A similar concern for consistency is evident from the extensive use of ‘work-fare’ policies, which are used in Denmark, Norway and Sweden to ensure that work pays in the presence of generous welfare benefits. High employment reduces the cost of a generous benefit system and increases the tax base. Active job search or qualification efforts are for example required in order to obtain unemployment benefits.

In sum, the complementarity between the non-market institutions and capitalist investments help explain why the main institutions and policies have survived over 80 years. The gains are spread widely across groups. There are many winners and few losers. Both low paid groups and employers are clear winners as wage compression and rising profits are two sides of the same coin. High skilled workers are potential losers. But also high skilled workers may gain from wage moderation, as the average productivity goes up.

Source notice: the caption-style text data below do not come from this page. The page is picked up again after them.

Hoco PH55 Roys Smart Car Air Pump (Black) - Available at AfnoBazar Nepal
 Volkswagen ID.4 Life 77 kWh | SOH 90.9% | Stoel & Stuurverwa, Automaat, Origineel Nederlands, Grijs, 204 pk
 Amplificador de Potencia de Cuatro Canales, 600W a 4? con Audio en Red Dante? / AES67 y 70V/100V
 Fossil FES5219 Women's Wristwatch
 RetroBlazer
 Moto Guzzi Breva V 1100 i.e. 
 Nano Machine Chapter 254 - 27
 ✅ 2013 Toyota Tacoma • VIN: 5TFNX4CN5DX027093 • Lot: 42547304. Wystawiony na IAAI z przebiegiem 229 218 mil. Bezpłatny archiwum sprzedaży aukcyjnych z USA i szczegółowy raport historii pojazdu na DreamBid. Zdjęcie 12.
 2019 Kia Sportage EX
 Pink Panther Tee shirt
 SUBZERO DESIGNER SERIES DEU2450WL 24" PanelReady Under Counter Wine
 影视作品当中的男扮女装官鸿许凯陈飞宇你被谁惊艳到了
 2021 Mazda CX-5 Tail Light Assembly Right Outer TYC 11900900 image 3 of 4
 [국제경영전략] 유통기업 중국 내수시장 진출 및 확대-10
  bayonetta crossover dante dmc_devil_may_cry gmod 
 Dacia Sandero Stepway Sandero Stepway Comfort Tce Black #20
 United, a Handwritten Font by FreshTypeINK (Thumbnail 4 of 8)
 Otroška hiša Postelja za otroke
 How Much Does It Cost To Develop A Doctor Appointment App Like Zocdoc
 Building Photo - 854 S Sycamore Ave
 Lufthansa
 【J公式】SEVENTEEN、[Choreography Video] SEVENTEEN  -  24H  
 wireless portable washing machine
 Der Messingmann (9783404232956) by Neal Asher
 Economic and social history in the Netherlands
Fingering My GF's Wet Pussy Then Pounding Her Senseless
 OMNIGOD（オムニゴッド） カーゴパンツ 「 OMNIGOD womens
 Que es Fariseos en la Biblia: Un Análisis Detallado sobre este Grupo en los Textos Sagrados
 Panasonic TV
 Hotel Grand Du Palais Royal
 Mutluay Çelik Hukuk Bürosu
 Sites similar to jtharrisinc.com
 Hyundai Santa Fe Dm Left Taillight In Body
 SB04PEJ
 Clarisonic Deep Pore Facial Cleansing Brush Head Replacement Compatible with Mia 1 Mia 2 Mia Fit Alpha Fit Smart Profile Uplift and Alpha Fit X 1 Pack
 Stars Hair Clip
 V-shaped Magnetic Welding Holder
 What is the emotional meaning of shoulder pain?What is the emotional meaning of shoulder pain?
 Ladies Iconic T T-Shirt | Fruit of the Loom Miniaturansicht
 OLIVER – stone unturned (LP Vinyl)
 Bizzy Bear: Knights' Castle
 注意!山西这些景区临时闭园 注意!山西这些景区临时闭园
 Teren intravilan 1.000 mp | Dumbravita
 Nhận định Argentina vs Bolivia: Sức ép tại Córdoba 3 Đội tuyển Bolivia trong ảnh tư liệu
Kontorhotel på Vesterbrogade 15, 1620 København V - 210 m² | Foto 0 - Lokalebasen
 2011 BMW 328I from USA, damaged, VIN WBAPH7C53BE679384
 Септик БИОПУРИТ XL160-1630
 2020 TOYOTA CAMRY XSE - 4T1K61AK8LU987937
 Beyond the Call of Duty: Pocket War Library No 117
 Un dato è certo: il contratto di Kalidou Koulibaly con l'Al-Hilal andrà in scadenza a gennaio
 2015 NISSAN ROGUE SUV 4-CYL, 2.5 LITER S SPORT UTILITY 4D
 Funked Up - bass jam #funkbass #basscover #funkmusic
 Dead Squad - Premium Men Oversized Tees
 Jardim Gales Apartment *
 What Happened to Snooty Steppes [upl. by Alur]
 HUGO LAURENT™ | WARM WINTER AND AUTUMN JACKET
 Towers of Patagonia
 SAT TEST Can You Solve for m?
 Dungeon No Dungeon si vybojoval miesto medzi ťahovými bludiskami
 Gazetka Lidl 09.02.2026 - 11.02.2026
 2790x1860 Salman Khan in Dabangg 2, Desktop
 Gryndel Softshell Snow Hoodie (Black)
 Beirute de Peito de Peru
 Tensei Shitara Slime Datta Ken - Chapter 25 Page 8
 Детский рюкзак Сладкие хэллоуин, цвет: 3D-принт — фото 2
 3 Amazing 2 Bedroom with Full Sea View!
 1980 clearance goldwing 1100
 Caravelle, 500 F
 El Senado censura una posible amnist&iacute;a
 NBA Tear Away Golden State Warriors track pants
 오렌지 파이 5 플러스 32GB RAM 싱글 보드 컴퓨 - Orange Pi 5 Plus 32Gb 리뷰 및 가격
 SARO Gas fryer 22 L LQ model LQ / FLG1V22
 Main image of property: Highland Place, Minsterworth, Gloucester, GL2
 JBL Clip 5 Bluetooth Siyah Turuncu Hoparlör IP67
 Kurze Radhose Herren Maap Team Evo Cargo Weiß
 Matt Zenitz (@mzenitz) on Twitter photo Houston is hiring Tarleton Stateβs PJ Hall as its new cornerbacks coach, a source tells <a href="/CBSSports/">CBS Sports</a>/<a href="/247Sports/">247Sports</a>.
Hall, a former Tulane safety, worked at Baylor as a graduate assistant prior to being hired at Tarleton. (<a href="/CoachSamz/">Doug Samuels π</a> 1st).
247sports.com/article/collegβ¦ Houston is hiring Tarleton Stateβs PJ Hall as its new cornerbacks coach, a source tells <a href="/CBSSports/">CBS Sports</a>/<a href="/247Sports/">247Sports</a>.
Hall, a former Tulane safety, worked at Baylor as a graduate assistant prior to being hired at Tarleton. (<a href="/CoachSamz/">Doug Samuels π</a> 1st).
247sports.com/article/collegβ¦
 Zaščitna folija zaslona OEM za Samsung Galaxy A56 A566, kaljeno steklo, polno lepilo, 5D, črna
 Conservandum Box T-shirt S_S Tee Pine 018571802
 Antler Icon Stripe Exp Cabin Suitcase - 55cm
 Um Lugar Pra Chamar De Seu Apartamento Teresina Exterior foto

The stability of the Scandinavian model can in part be explained by the good performance, and the good performance must have been helped by the stability of the model. The key is that both depend on the egalitarian aspects of the Scandinavian model that share the gains of good performance on almost all groups. Since the interactions be- tween wage coordination, investments, and welfare spending all strengthen the egalitarian aspects of the model, it would not be possible to achieve the same egalitarian results by redistribution through the welfare state only.

So - the ‘Nordic / Scandinavian / Norwegian Model’ turns out to be just a smart way to let capitalism evolve. And it has worked well - on that premise - so far.

The model’s ‘golden age’ was before 1980. But the neoliberal era - from 1980 onwards has created some dilemmas- which might be read in the constant decline of the labour parties in all the Nordic countries during the last couple of decades.

The alliance between Labour and Capital was based on mutual benefits: Labour Organizations accepted wage restraints as long as capitalist continued investing in project that created increade number of jobs. However in the 1980’s this closed loop was broken be globalization. Capitalist’s started putting the money into China and other developing countries instead of investing at home. Labour is no longer on the winning side of the play. The gains are no longer as widely spread across groups. As in other countries there is a rising precariate.

This has been most visible in the other Nordic countries - for Norway the oil money came in between as a saving angel - allowing for such ’economic diseases’ as 17% health-related social contributions to people not participating in the labour market. Thus, the coming end of the oil era put Norway up for greater challenges than the other Nordic countries, as Calmfors rightly explained.

To green the economy while at the same time get out of ‘oil addiction’ is really a double challenge.

To find the way forwards one will need a lot more than main-stream econmic thinking a la Calmfors.

A starting point could be an ’evolutionary economics’ approach. Interesting extension in the understanding of how the ‘Norwegian Model’ works come from Wlison and Hessen (2015). (My emphasis)

The success of the so-called “Nordic Model” is commonly attributed to factors such as income equality, a high level of trust, high willingness to pay tax, which is tightly coupled to strong social security (health, education), a blend of governmental regulations and capitalism, and cultural homogeneity. These and other factors are important, but we think that viewing them through an evolutionary lens is likely to shed light on why they are important. Our hypothesis is that Norway functions well as a nation because it has successfully managed to scale up the social control mechanisms that operate spontaneously in village-sized groups. Income equality, trust, and the other factors attributed to Norway’s success emanate from the social control mechanisms.